Species Distribution Modelling


pecies Distribution Model (SDM) can be defined as a statistical/analytical algorithm that predicts either actual or potential distribution of a species, given field observations and auxiliary maps, as well as expert knowledge. A special group of Species Distribution Models (SDMs) focuses on the so-called occurrence-only records --- pure records of locations where a species occurred (Engler at al. 2004; Tsoar et al. 2007). This article describes a computational framework to map species' distributions using occurrence-only data and environmental predictors. For this purpose, we will use the dataset "bei", distributed together with the spatstat package, and used in school books on point pattern analysis by Baddeley (2008) and many other authors. To run this script, you will need to obtain some of the following packages. For more details about this topic consider obtaining the original article:

The complete Barro Colorado Island 50 ha plot grids can be obtained from the Practical guide to Geostatistical Mapping book's website. Updated version of the processing steps can be followed from the chapter #8 (R script).

R script to predict species' density distribution using environmental predictors.
  • Icon R.png bei.R : R script to predict species' density distribution.
  • Icon zip.png bei.zip : the complete dataset in a GIS format (0.6 MB)

Preparation of maps

We can start by loading the necessary packages and the bei dataset (to see the full description of the bei dataset, type bei):

> library(gstat)
> library(spatstat)
> library(splancs)
> library(adehabitat)
> library(rgdal)
> library(lattice)
> library(RSAGA)
> data(bei)
> str(bei)
List of 5
 $ window    :List of 5
  ..$ type  : chr "rectangle"
  ..$ xrange: num [1:2] 0 1000
  ..$ yrange: num [1:2] 0 500
  ..$ units :List of 3
  .. ..$ singular  : chr "metre"
  .. ..$ plural    : chr "metres"
  .. ..$ multiplier: num 1
  .. ..- attr(*, "class")= chr "units"
  ..$ area  : num 5e+05
  ..- attr(*, "class")= chr "owin"
 $ n         : int 3604
 $ x         : num [1:3604]  11.7 998.9 980.1 986.5 944.1 ...
 $ y         : num [1:3604] 151 430 434 426 415 ...
 $ markformat: chr "none"
 - attr(*, "class")= chr "ppp"

The bei dataset is a point map that shows locations of Beilschmiedia pendula Lauraceae trees (a total of 3604 trees) observed in a 1000 m by 500 m rectangular window.

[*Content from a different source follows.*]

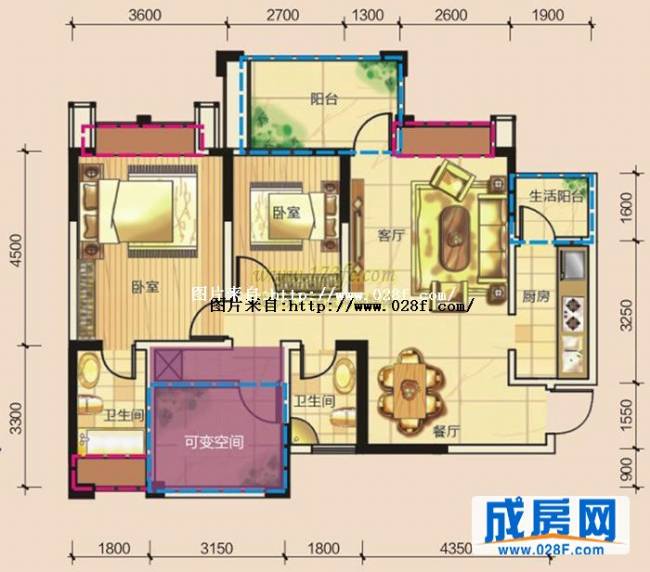 禹鑫亚瑟的城堡户型图,点击放大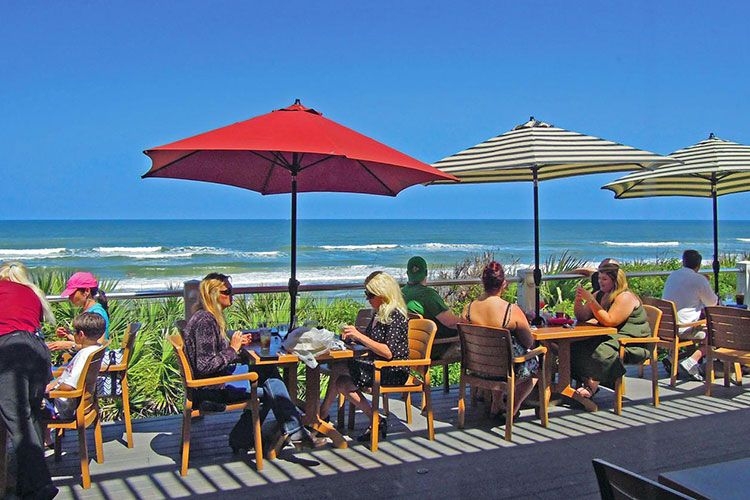 st augustine waterfront dining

In addition to the point map, a map of elevation and slope gradient is provided in the bea.extra dataset:

> str(bei.extra, max.level=1)
> plot(bei.extra$elev, main="Beilschmiedia pendula Lauraceae")
> plot(bei, add=TRUE, pch=16, cex=0.3)
Figure: The bei dataset -- locations of Beilschmiedia pendula Lauraceae trees and a 5 m DEM in the background.

We can extend this initial list of covariates and attach two more maps: the wetness index and vertical distance from the channel network (derive in SAGA and import back to R):

> grids <- as(bei.extra[[1]], "SpatialGridDataFrame")
> names(grids)[1] <- "elev"
> grids$grad <- as(bei.extra[[2]], "SpatialGridDataFrame")$v
> write.asciigrid(grids["elev"], "dem.asc")
> # Generate the wetness index and vertical distance from the channel network:
> rsaga.esri.to.sgrd(in.grids="dem.asc", out.sgrds="dem.sgrd", in.path=getwd())
> rsaga.geoprocessor(lib="ta_hydrology", module=15, param=list(DEM="dem.sgrd", C="catharea.sgrd",
+    GN="catchslope.sgrd", CS="modcatharea.sgrd", SB="twi.sgrd", T=10))
> rsaga.geoprocessor(lib="ta_channels", module=0, param=list(ELEVATION="dem.sgrd",
+    CHNLNTWRK="chnlntwrk.sgrd", CHNLROUTE="channel_route.sgrd", SHAPES="channels.shp",
+    INIT_GRID="dem.sgrd", DIV_CELLS=5, MINLEN=10))
> rsaga.geoprocessor(lib="ta_channels", module=3, param=list(ELEVATION="dem.sgrd", CHANNELS="chnlntwrk.sgrd",
> rsaga.sgrd.to.esri(in.sgrds=c("twi.sgrd","achan.sgrd"), out.grids=c("twi.asc","achan.asc"), prec=1, out.path=getwd())
> grids$achan <- readGDAL("achan.asc")$band1
> grids$twi <- readGDAL("twi.asc")$band1

Kernel density estimation

Before we run kernel smoothing, we can try estimating the optimal bandwidth size; using the method of Berman and Diggle (1989):

> gridbbox <- as.points(list(x=c(grids@bbox[1,1],grids@bbox[1,2],grids@bbox[1,2],grids@bbox[1,1]),
+     y=c(grids@bbox[2,1],grids@bbox[2,1],grids@bbox[2,2],grids@bbox[2,2])))
> mserw <- mse2d(as.points(coordinates(bei.pnt)), gridbbox, 100, 10*bei.pixsize)
> bw <- mserw$h[which.min(mserw$mse)]
> plot(mserw$h,mserw$mse, type="l")

This shows that the optimal bandwidth size is about 4 m. But since our grid cell size is 5 m, this bandwidth is not really suited for this scale of work. Based on the plot from above, we only know that we should not use a bandwidth smaller than 5 m, higher bandwidths are all plausible.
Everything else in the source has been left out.